Computer tax repeal hinges on replacing ‘phantom’ revenue

Lawmakers reacted sympathetically to the strong case made at recent General Assembly committee hearings by the GBC and other business advocates who urged the repeal of the computer services tax. However, with less than three weeks remaining in the session, the ultimate outcome of the tax repeal effort remains in doubt.

While there is much agreement among lawmakers that the tax should be repealed, the prevailing consensus appears to be that a replacement source must be found for the $214 million in revenue to the state that the tax was estimated to generate.

The irony of this logic is frustrating. In effect, the repeal of the computer services tax is being held hostage because of phantom revenue that will likely not be realized. There is universal agreement among industry experts and economists that the $214 million revenue estimate is enormously overstated. If allowed to take effect on July 1, the computer tax would yield little, if any, revenue because IT businesses would take steps to avoid it by shifting computer services divisions elsewhere or by moving out of the state entirely.
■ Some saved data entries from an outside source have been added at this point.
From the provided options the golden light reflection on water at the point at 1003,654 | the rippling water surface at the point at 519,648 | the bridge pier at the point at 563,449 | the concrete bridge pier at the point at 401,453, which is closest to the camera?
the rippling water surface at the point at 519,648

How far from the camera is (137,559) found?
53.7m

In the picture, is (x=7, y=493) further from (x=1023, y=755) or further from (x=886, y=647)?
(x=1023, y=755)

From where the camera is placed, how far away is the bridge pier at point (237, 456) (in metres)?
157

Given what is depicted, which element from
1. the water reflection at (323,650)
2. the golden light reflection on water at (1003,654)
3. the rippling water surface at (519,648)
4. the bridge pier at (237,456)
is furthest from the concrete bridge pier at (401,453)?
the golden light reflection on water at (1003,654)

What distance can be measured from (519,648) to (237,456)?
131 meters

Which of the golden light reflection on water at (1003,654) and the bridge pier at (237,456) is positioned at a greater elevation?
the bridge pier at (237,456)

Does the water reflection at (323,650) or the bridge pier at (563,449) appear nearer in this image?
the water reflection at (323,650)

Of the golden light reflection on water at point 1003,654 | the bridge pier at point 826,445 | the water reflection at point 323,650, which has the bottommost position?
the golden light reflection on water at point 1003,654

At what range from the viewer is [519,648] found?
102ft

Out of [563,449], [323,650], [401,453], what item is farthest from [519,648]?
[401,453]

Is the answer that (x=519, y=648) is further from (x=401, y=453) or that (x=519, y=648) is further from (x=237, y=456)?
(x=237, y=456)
One revenue replacement option that has recently been discussed would be to draw millions from the state’s Transportation Trust Fund. This is another source of frustration for the GBC. It seems bafflingly inconsistent to us. One week lawmakers are moving a bill to reduce greenhouse gases and find solutions to global warming, and the next week they’re suggesting an action that would promote more traffic congestion.
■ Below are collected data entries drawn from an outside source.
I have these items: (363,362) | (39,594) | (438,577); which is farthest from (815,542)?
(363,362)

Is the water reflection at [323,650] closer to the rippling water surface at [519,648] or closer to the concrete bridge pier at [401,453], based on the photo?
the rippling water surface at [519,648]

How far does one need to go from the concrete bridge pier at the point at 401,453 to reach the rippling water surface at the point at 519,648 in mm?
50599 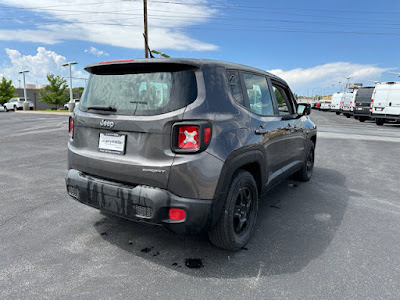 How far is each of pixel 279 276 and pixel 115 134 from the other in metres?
1.85

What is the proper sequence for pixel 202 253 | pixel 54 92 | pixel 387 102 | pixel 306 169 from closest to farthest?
pixel 202 253 → pixel 306 169 → pixel 387 102 → pixel 54 92

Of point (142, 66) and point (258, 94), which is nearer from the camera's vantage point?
point (142, 66)

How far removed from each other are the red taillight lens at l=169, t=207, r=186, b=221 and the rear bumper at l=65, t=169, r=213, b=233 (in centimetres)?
2

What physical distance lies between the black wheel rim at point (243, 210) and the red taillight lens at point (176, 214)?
26.4 inches

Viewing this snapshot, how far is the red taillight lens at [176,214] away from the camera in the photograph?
7.92 ft

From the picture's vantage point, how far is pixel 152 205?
7.87 feet

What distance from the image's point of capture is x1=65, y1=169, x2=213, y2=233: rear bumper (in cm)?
240

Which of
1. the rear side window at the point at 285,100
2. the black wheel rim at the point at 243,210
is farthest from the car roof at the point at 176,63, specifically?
the rear side window at the point at 285,100

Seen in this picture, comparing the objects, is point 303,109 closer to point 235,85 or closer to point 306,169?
point 306,169

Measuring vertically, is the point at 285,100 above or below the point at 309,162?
above

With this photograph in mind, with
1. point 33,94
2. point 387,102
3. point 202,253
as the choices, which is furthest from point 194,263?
point 33,94

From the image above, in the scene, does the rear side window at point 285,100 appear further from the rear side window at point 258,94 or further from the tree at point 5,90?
the tree at point 5,90

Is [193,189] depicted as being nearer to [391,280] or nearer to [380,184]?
[391,280]

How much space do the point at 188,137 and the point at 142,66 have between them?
79 cm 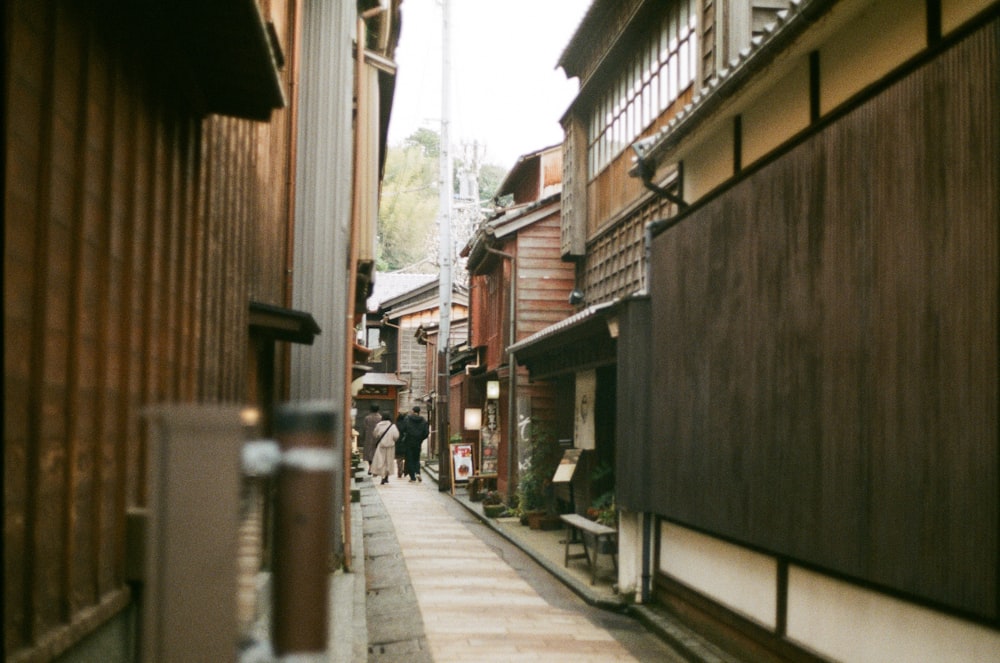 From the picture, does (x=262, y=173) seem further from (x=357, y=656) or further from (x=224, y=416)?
(x=224, y=416)

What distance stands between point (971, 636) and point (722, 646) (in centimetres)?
451

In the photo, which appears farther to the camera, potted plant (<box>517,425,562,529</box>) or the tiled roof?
potted plant (<box>517,425,562,529</box>)

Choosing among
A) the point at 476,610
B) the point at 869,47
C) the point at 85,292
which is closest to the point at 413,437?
the point at 476,610

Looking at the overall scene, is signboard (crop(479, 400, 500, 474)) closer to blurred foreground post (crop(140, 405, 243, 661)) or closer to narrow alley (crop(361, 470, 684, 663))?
narrow alley (crop(361, 470, 684, 663))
Maryland’s elected officials must resist the temptation to use the Transportation Trust Fund as the option of first resort to fill operating budget holes — something for which previous administrations have been consistently criticized. That’s why the GBC supports putting a fiscal “firewall” around the trust fund.

Meanwhile, Senate Bill 1004, introduced by Baltimore City Senator Verna Jones, D-44th, is viewed by some as a likely trade-off for repeal of the computer tax. The bill would raise the income tax rates for taxpayers earning $750,000 or more. The rate increases would expire after the 2012 tax year.
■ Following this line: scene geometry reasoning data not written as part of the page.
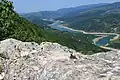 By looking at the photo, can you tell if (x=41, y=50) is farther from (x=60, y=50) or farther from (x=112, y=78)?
(x=112, y=78)

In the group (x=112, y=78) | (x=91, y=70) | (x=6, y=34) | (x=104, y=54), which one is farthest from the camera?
(x=6, y=34)

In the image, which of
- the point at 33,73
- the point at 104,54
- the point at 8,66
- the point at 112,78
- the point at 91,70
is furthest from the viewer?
the point at 104,54

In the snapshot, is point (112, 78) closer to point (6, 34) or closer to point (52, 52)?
point (52, 52)

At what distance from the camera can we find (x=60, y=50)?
17375 mm

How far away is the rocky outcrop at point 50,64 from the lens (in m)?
14.5

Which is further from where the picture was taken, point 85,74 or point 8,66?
point 8,66

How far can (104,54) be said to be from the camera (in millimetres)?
18219

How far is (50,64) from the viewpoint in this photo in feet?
50.9

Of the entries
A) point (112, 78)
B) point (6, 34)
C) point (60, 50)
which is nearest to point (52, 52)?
point (60, 50)

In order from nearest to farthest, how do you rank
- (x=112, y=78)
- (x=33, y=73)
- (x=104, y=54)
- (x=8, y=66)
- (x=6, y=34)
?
(x=112, y=78) → (x=33, y=73) → (x=8, y=66) → (x=104, y=54) → (x=6, y=34)

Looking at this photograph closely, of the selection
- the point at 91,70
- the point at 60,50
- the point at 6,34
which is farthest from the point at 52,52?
the point at 6,34

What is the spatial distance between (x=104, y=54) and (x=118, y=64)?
9.48 feet

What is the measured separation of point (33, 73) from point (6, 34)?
1409 cm

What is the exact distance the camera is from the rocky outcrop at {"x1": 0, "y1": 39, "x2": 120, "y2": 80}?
1449cm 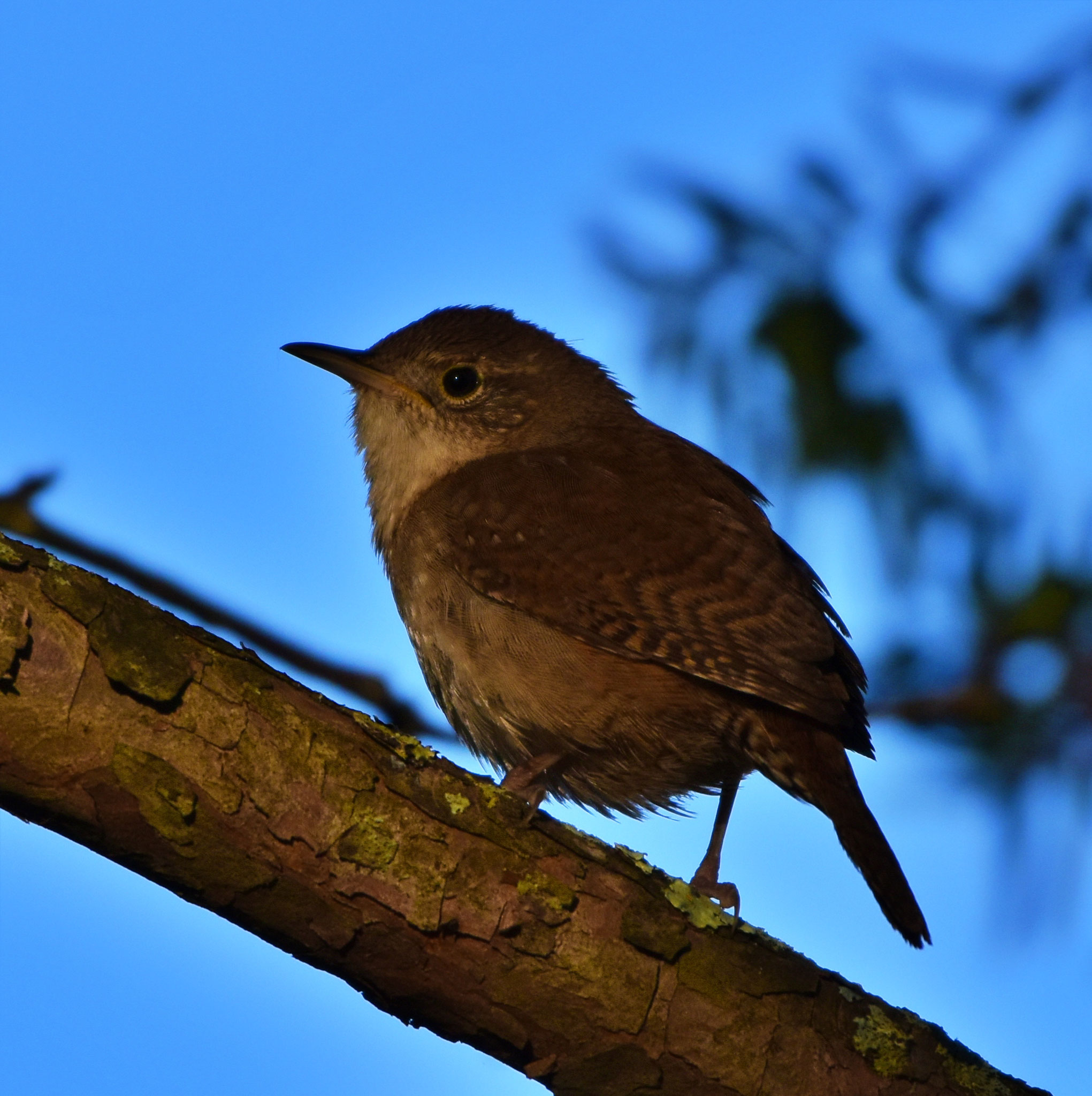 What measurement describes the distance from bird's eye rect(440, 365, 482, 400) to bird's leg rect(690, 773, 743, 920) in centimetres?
194

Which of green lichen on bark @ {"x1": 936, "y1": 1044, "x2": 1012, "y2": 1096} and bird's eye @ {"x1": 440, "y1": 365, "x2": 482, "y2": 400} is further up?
bird's eye @ {"x1": 440, "y1": 365, "x2": 482, "y2": 400}

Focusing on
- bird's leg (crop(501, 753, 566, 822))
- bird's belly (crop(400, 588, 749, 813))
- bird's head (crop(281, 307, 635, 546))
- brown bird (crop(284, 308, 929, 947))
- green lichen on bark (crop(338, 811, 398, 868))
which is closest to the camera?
green lichen on bark (crop(338, 811, 398, 868))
The GBC has serious concerns that this kind of income tax rate increase, combined with the accompanying “piggy-back” local income tax rate increase, could have its own substantial damaging impact on Maryland’s business climate. The GBC has recommended that legislators first consider additional cuts in the budget. Additionally, we have continued to advocate for substituting a 6 or 7-cent gas tax increase.

However, if the only option for getting the computer tax repealed is the income tax “poison pill,” the GBC would reluctantly support a temporary higher-earner income tax rate increase if it is limited to no more than three years. To view the GBC’s position statement on this issue, click here.

Arguably, it would be marginally preferable to impose a temporary income tax surcharge, similar to the one enacted during the economic downturn of the early 1990s, than to tax an entire growth industry out of the state.